Considerable interest has focused on measuring the thickness of truncal and paraspinal muscles,1822 in large part in an attempt to assess exercise programs that focus on core strengthening and their role in managing chronic back pain. For those interested in measuring the outcomes of certain types of physical therapy, ultrasound offers a noninvasive tool for quantifying exercise effects.

More advanced capabilities of ultrasound allow for the observation of muscle movement. Current instruments are sufficiently sensitive to detect fasciculations.2326 Optimal parameters for identifying fibrillations have not yet been worked out2728 but it seems likely that instrument-specific enhancements of frame rate, resolution, and display will make it possible to better image fibrillation potentials in muscles, reducing the need for electromyography in select patients.

Muscle movement and size are also relevant in the evaluation of movement disorders. M-mode proves to be a simple and reliable way to evaluate tremor frequency and amplitude, one that avoids some of the problematic harmonics and sub-harmonics that sometimes contaminate EMG recordings. Although not routinely studied (but see Reimers and coworkers),29 hypertrophy is sometimes a manifestation of focal and segmental dystonia. Its absence, as measured by ultrasound, may also turn out to be useful in identifying some cases of psychogenic dystonia. It remains to be seen if M-mode ultrasound could provide better precision to the clinical differentiation of assorted types of tremors, tics, chorea, ballismus, dystonia, and myoclonus (Fig. 13.3A and B). Because the mechanical contraction of muscle lasts several hundred milliseconds longer than the electrical activity associated with movement (see Fig. 1.21) ultrasound can better capture the duration and patterns of movement than EMG. And, unlike standard clinical video recordings, that can only assess surface movement that reflects the sum of forces acting across a joint, ultrasound offers the added ability of studying the contractile behavior of individual muscles, independent of the behavior of other agonists or antagonists. Experience in the EMG laboratory indicates that much of the “lore” of movement disorders, derived from clinical observations, sometimes has surprisingly little evidence base. For example, older neurology textbooks30 used to assign the frequency range of essential tremor to 6 to 8 Hz; but, more recent studies have confirmed a broader range of frequencies (4 to 11 MHz), a finding that is immediately apparent when studying essential tremor of the head with ultrasound (Fig. 13.3C). Although selectivity problems in assessing movement by electromyography can be addressed in part with needle, as opposed to surface, electromyography, needle or wire insertion is limited by pain, and does not exclude “crosstalk” from nearby muscles.

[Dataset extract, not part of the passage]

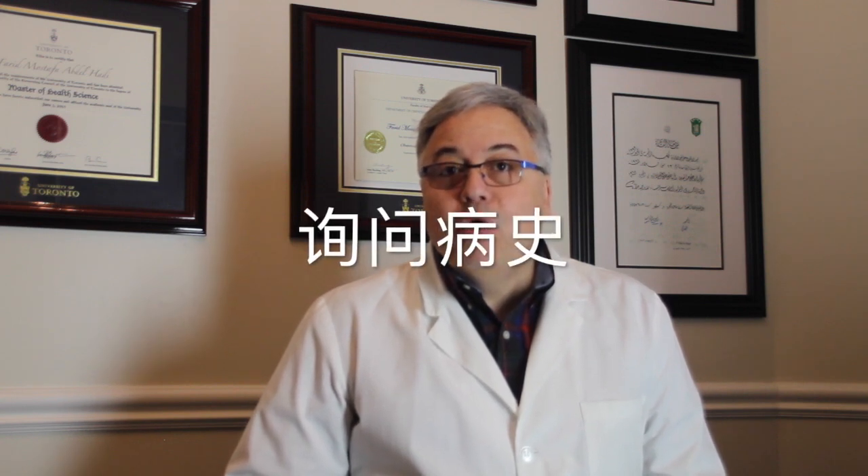Hello and welcome. My name is Dr. Hady. Today we're going to talk about how we investigate couples who want to get pregnant, who are trying to get pregnant and have been delayed for some time. The first thing we do is take a history and make sure that there are no major issues that would cause a problem or are clearly delaying pregnancy.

Muscle blood flow is an area in which there has been too little investigation with respect to muscle pathology.3133 It is well known that ultrasound can be used to measure volume changes in muscle after exercise, which are presumably secondary to enhanced blood flow, and quantitative techniques for estimating a number of arteriolar parameters of blood flow are routinely available on most instruments. Too little is known about muscle blood flow in either degenerative or inflammatory myopathies at rest or with muscle activation, so further study is needed (Fig. 13.4).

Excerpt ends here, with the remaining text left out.